Les résidents ont surélevé les planchers de leurs maisons en ajoutant de la terre, puis en installant des terrasses en bois pour se garder au sec à mesure que les inondations s’aggravent.
Cela leur a laissé un espace réduit, obligeant quiconque entrant à se baisser pour éviter de se cogner la tête.
Sularso, 54 ans, a déclaré qu’il avait relevé son plancher trois fois depuis 2018, d’un total de 1,5 mètre, dépensant environ 22 millions de roupies (1 460 $).
« Pour moi, il n’y a pas d’avenir », a déclaré le pêcheur à l’.
« Ce village… aura disparu dans moins de cinq ans. Nous ne pouvons pas construire, nous ne pouvons rien faire. »
Il dit que son sol peut encore être submergé dans l’eau pendant les marées hautes, ce qui le laisse craindre que de hautes vagues ne fassent s’effondrer sa maison.
La femme au foyer Khoiriyah, 42 ans, a déclaré qu’elle avait du mal à faire ses courses ou à emmener ses trois enfants à l’école à cause des routes inondées.
« La vie est plus difficile maintenant. Chaque fois que l’eau entre dans ma maison, j’aimerais toujours pouvoir déménager », a-t-elle déclaré.
Pourtant, le problème est appelé à s’aggraver à mesure que le changement climatique s’aggrave.
Le Groupe d’experts intergouvernemental sur l’évolution du climat (GIEC) de l’ONU affirme qu’une augmentation de deux degrés Celsius par rapport à l’époque préindustrielle pourrait faire monter le niveau de la mer de 43 centimètres d’ici le siècle prochain.
Ressusciter les morts
Il n’y a pas que le vivant qui est protégé de la montée des mers.
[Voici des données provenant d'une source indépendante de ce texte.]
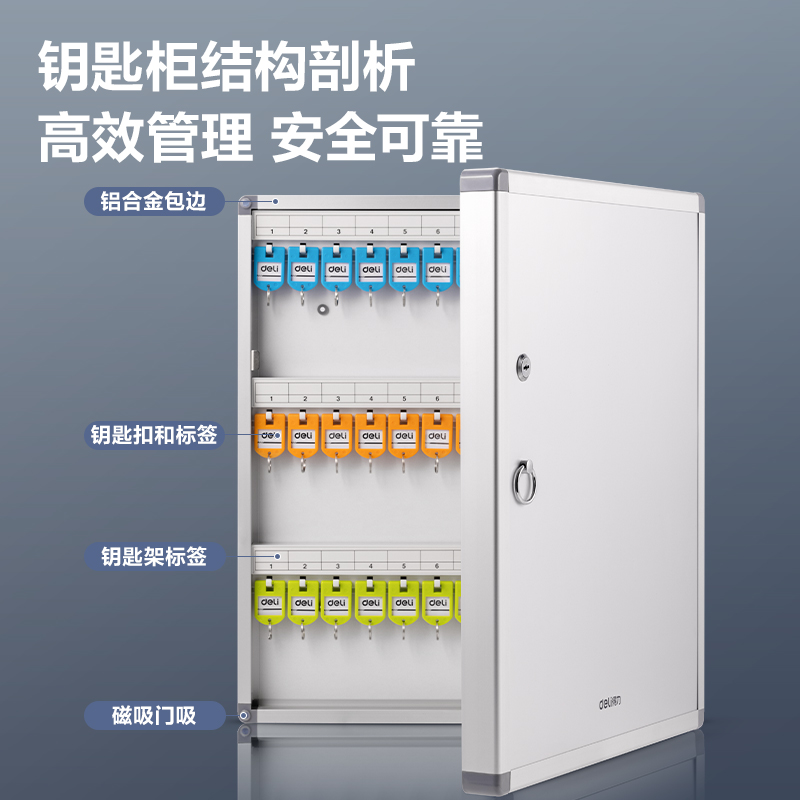 纵横LZ172钥匙管理箱(银)(个)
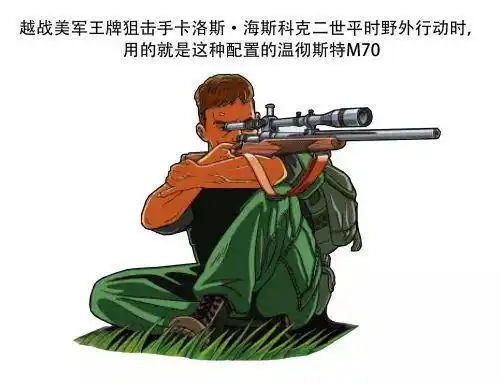 美军的狙击步枪进化简史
Le cimetière du village a été surélevé pour l’empêcher de couler, les villageois installant une clôture en bois, des filets et des pneus pour garder les eaux à distance.
Les résidents ont également financé une promenade pour relier leurs maisons et leur donner accès aux tombes de leurs proches.
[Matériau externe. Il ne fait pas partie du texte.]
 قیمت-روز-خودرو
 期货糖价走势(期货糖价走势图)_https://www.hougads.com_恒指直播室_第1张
La jeune génération de Tombulsloko passe souvent son temps à l’extérieur de chez elle, fuyant les inondations qui hantent sa vie quotidienne.
« La vie est monotone ici. Les jeunes sortent souvent car ils détestent être chez eux », a déclaré Choirul Tamimi, 24 ans.
Avant l’utilisation de bateaux dans le village, a déclaré Tamimi, il traversait l’inondation en se rendant au travail avec des vêtements de rechange.
« Quand je reviens du travail, c’est embêtant parce que non seulement je suis fatigué, mais je me suis aussi mouillé », a-t-il déclaré.
Sugianto a appelé le gouvernement à étendre l’accès à l’eau courante aux résidents afin de réduire l’utilisation des eaux souterraines et à envisager un remplissage de sable pour remplacer ce qui a été érodé.
« Sans restaurer le littoral d’origine, nous ne pouvons pas résoudre ce problème de manière durable », a déclaré le professeur.
Pourtant, ceux qui restent à Timbulsloko refusent de se rendre aux éléments.
Sulkan insiste sur le fait qu’il restera pour garder son jardin d’enfants ouvert et enseigner aux enfants comme ceux qui se tenaient autrefois sur la route désormais engloutie.
« Tant qu’il y a encore des voisins, il y a encore des maisons, je reste ici », a-t-il déclaré.